━━━ Dataset extract
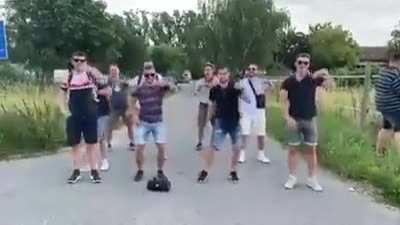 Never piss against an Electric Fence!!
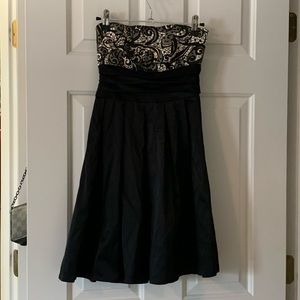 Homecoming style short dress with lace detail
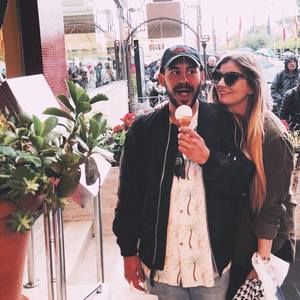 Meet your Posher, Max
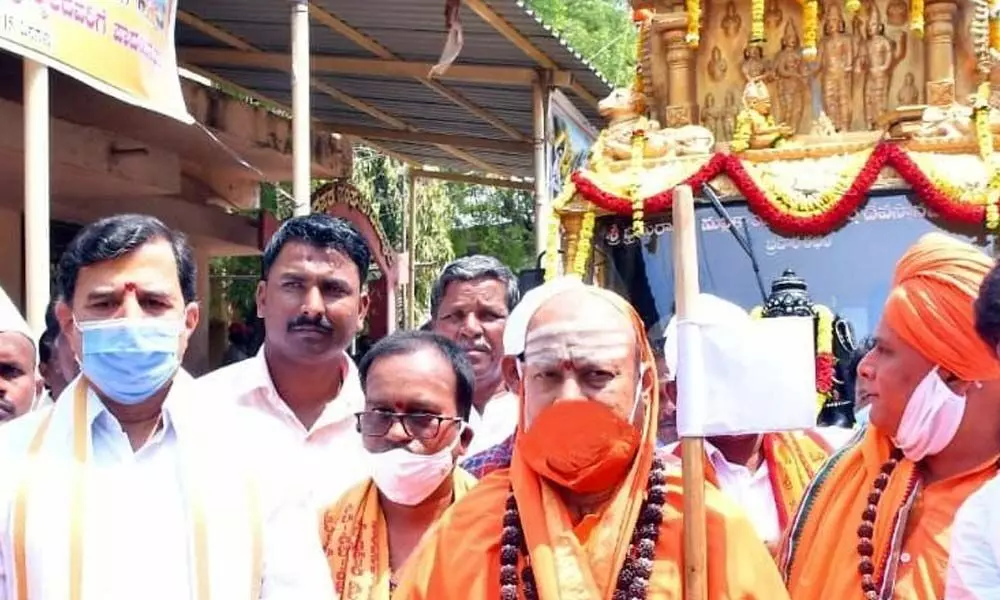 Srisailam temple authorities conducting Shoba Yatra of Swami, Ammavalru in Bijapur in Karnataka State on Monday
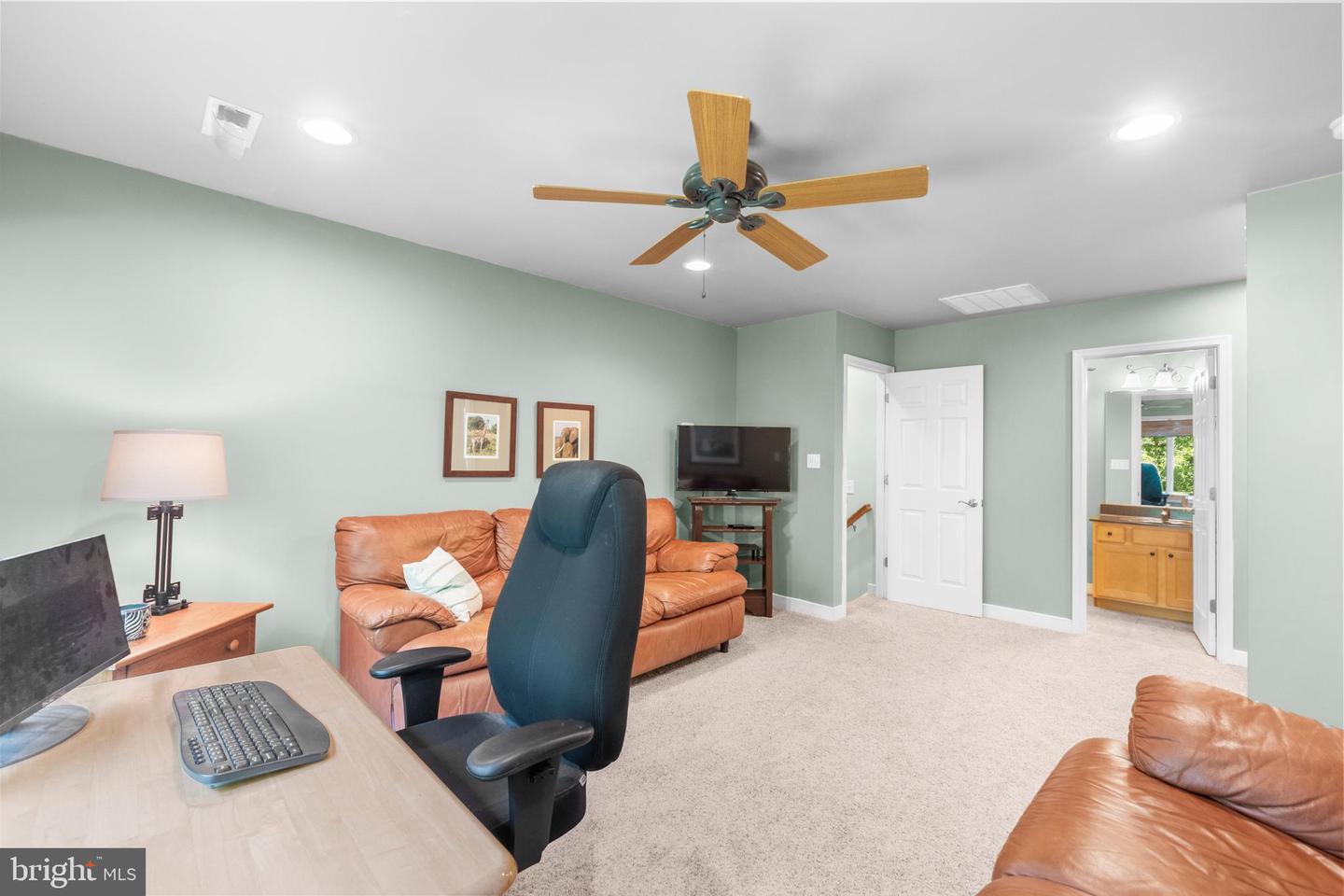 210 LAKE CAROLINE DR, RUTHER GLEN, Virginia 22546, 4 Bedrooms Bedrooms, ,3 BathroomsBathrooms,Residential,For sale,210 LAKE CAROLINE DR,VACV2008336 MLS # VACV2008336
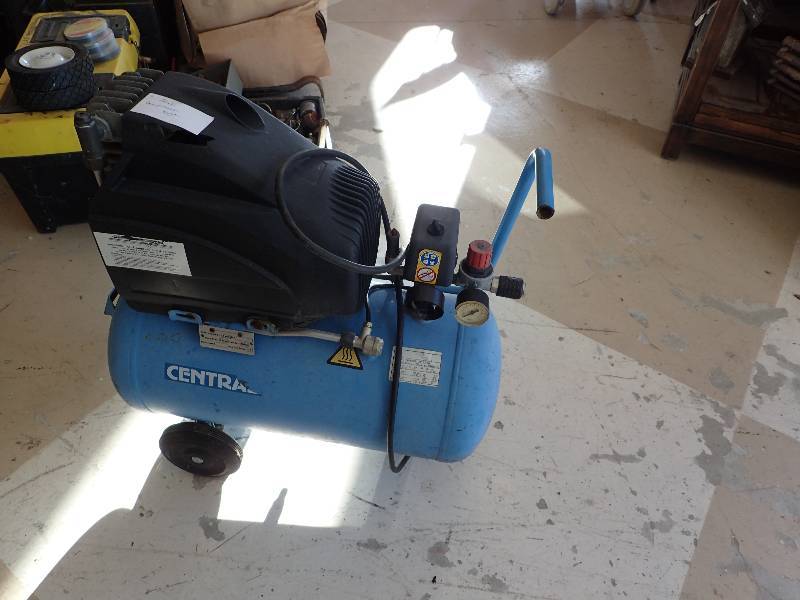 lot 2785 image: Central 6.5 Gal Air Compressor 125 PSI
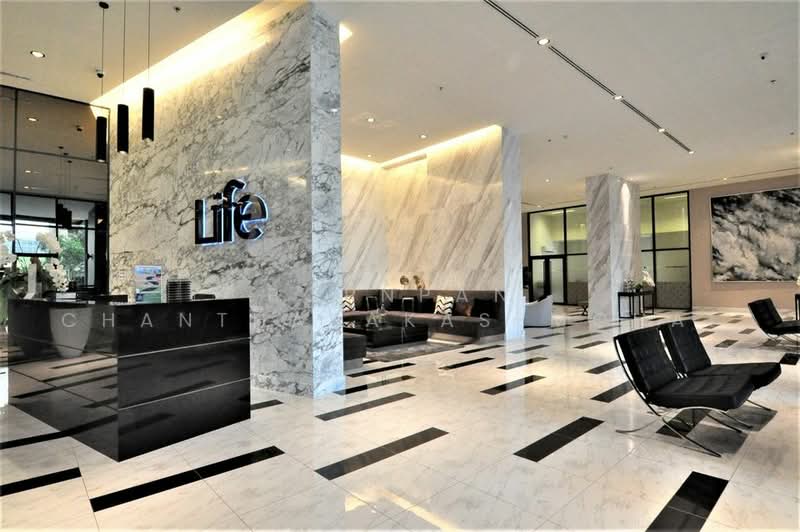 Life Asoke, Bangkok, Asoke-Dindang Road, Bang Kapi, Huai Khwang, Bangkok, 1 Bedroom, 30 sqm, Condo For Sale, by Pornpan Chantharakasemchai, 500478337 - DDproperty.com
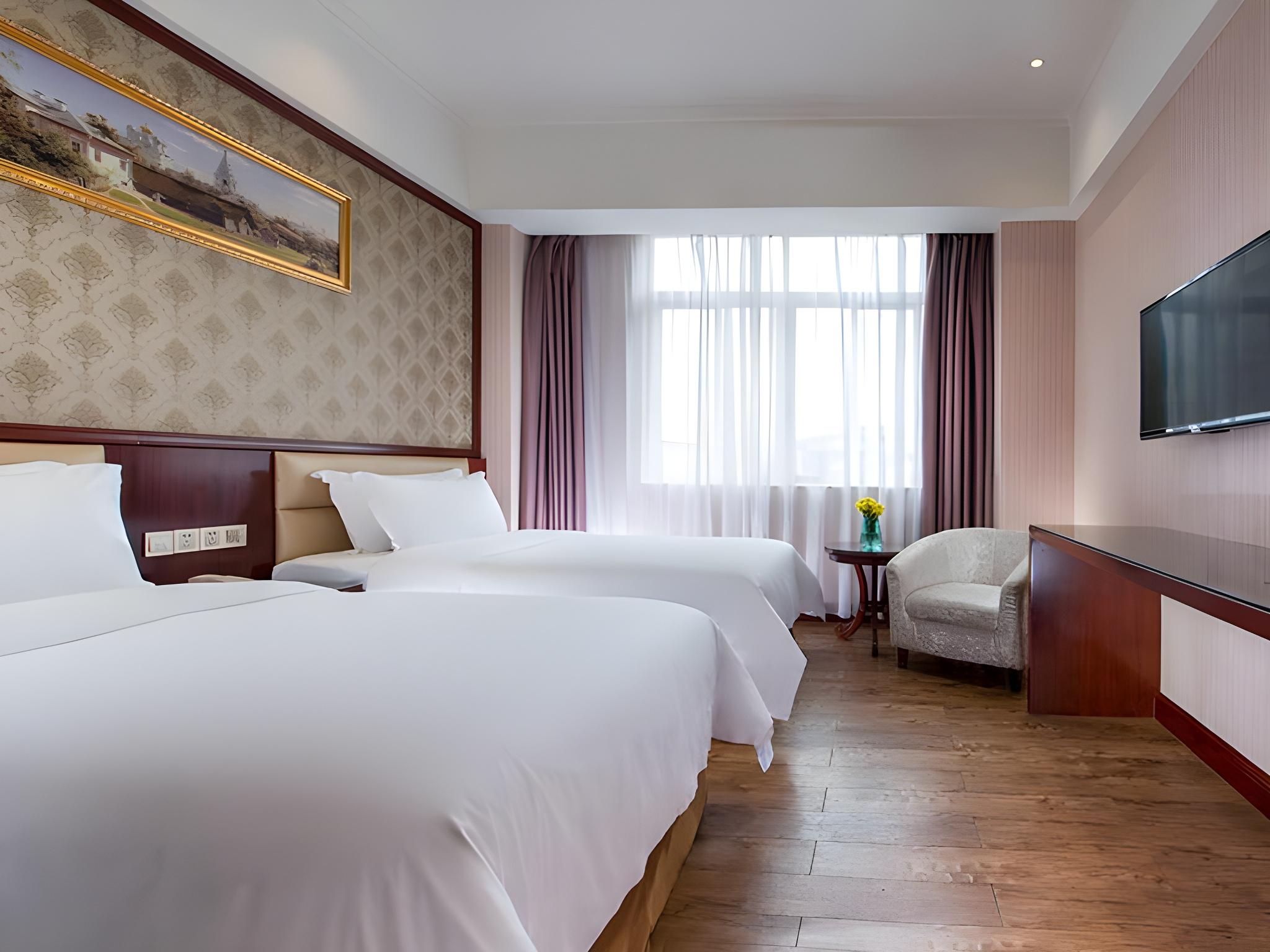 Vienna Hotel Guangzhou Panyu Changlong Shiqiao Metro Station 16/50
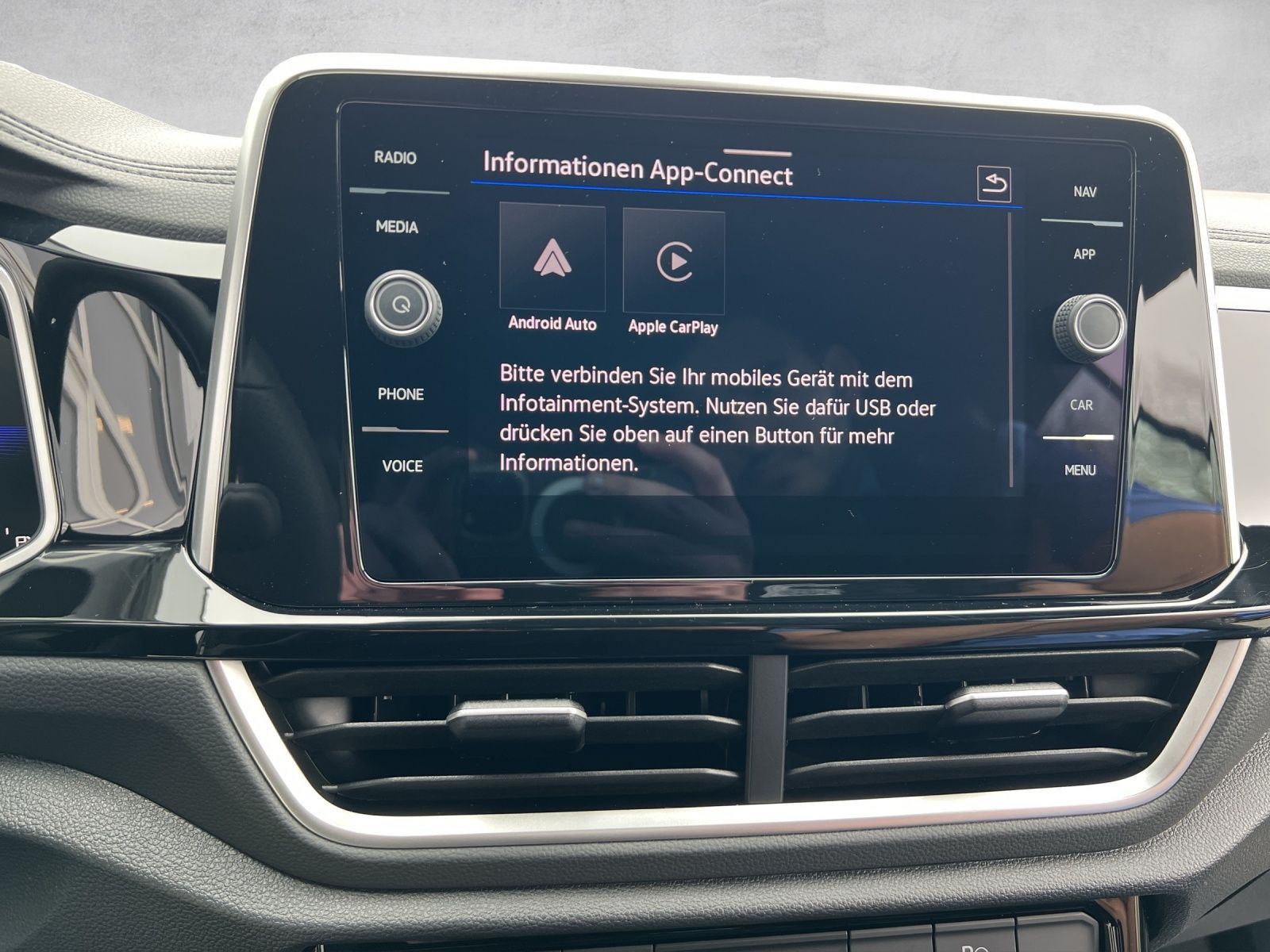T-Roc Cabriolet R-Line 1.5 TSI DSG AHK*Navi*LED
━━━━━━
▶ What the task asks:
Put down exactly the lines of the data above that run from its first line through the line bearing "Srisailam temple authorities", and no pictures.

▶ Answer to the exercise:
 Never piss against an Electric Fence!!
 Homecoming style short dress with lace detail
 Meet your Posher, Max
 Srisailam temple authorities conducting Shoba Yatra of Swami, Ammavalru in Bijapur in Karnataka State on Monday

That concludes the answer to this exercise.